● **Collected material**
[Start of Attachment]
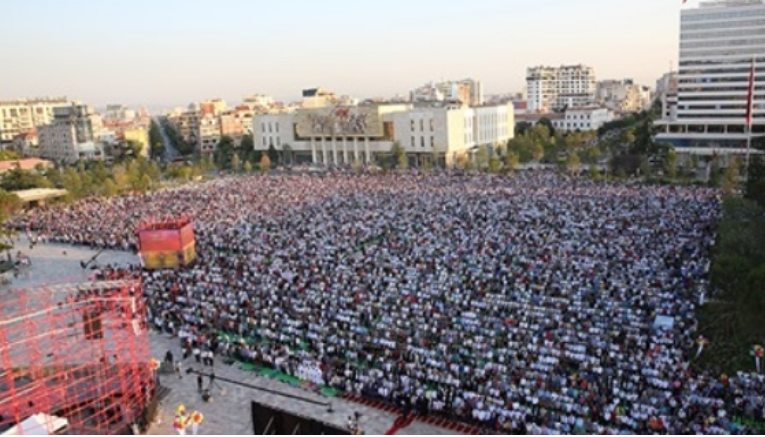 Среде Албанија ечеше „Бисер Балкански“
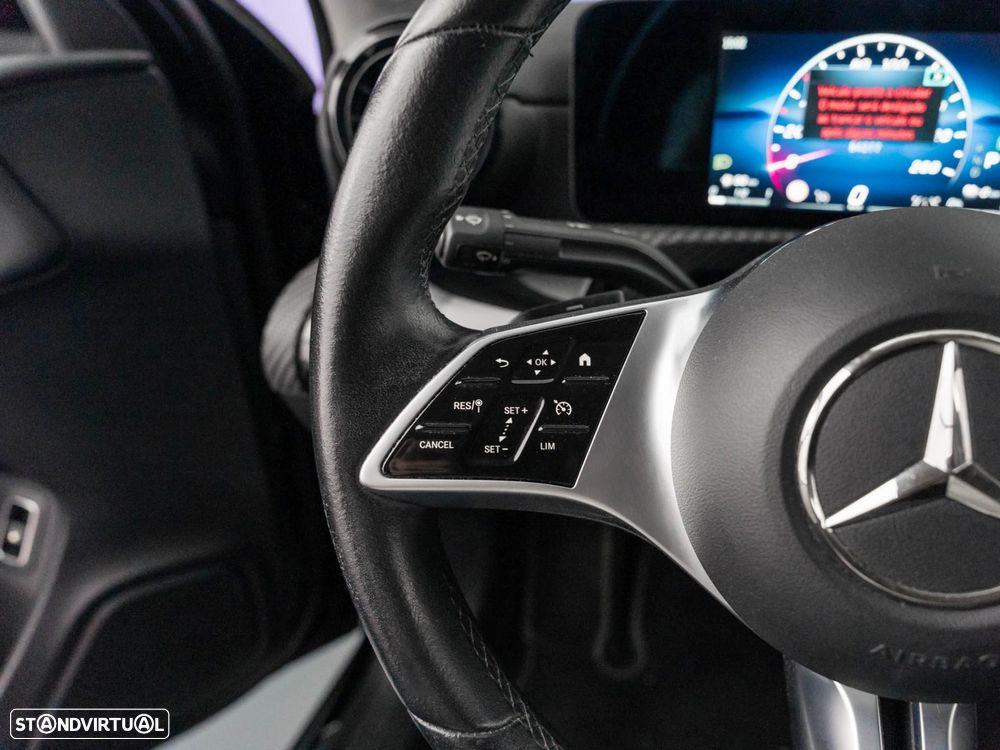Mercedes-Benz A 250 Limousine e Style Plus - 21
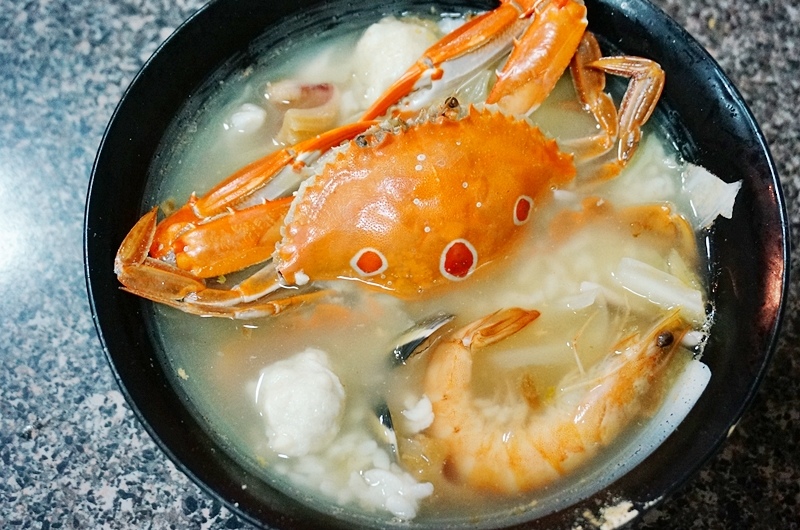 【三峽美食】黑皮海鮮料理 只要100元卻有一整隻螃蟹的黑皮海鮮粥｜黑皮海鮮菜單｜三峽黃昏市場 @PEKO の Simple Life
[End of Attachment]
● **Exercise description**
Leave out the pictures, then return every line of the data exactly.

● **Output below**
 Среде Албанија ечеше „Бисер Балкански“
Mercedes-Benz A 250 Limousine e Style Plus - 21
 【三峽美食】黑皮海鮮料理 只要100元卻有一整隻螃蟹的黑皮海鮮粥｜黑皮海鮮菜單｜三峽黃昏市場 @PEKO の Simple Life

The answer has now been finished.